Short descriptive text snippets:
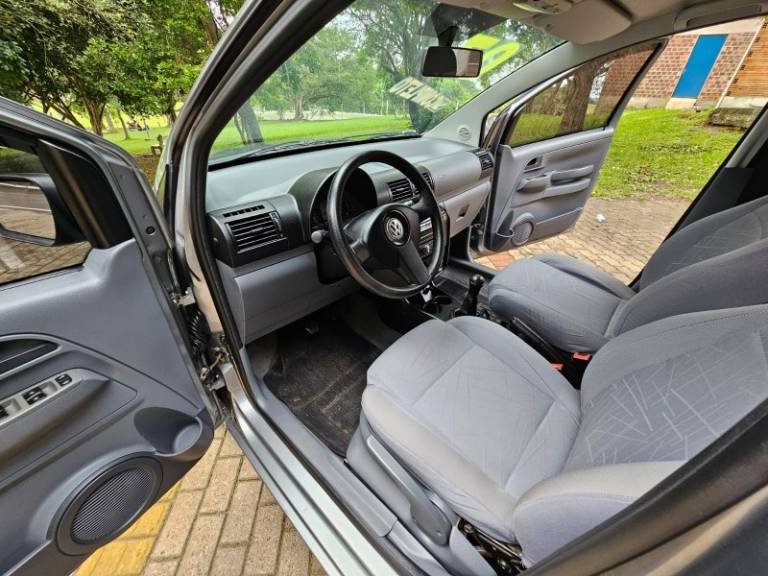 VOLKSWAGEN - SPACEFOX - 2006/2007 - Cinza - R$ 31.900,00
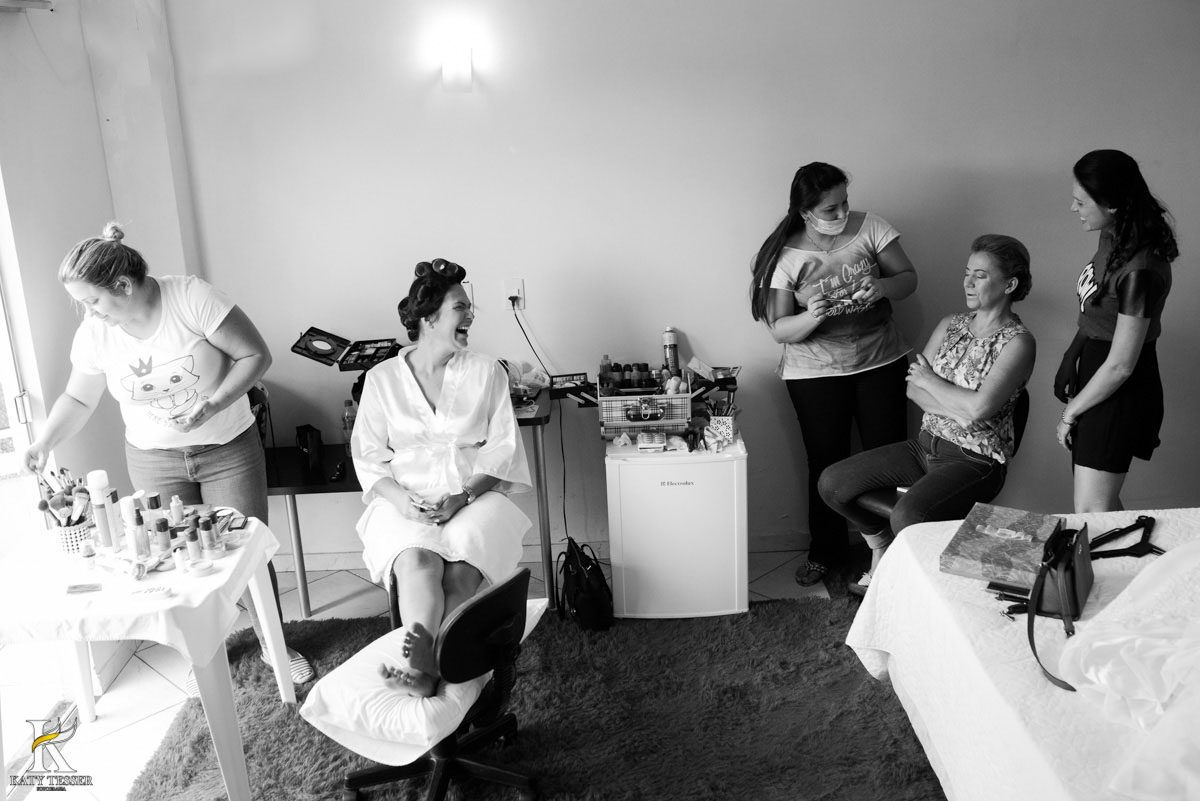 Casamento de vanuelli e Jean aconteceu em quedas do Iguaçu, paraná registrado pela fotógrafo Katy Tesser, A noiva está com a mãe e as madrinhas no making of no hotel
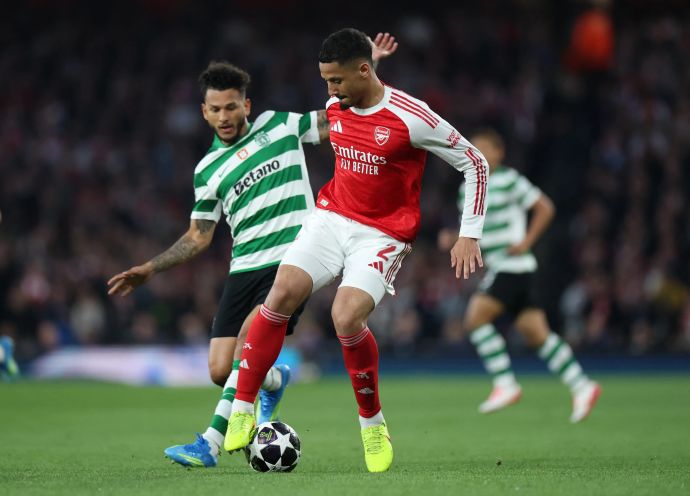 שחקן ארסנל וויליאם סאליבה מול שחקן ספורטינג ליסבון לואיס סוארס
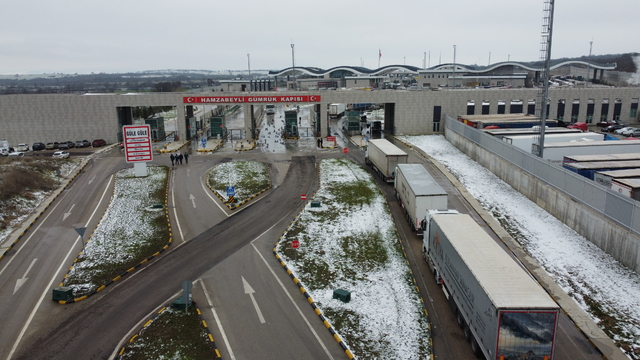 Hamzabeyli Sınır Kapısı'nda 11 kilometre TIR kuyruğu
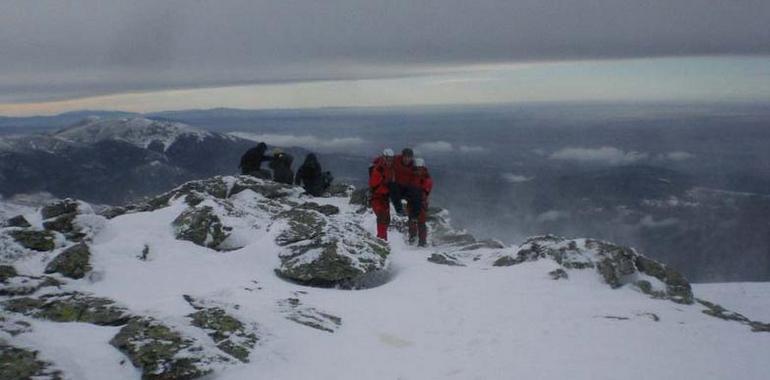 Rescatado un excursionista de 24 años en el pico de Peñalara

- **WHAT TO WORK ON**: An exact repeat of all the data is required, pictures excluded.

- **RESPONSE**:
 VOLKSWAGEN - SPACEFOX - 2006/2007 - Cinza - R$ 31.900,00
 Casamento de vanuelli e Jean aconteceu em quedas do Iguaçu, paraná registrado pela fotógrafo Katy Tesser, A noiva está com a mãe e as madrinhas no making of no hotel
 שחקן ארסנל וויליאם סאליבה מול שחקן ספורטינג ליסבון לואיס סוארס
 Hamzabeyli Sınır Kapısı'nda 11 kilometre TIR kuyruğu
 Rescatado un excursionista de 24 años en el pico de Peñalara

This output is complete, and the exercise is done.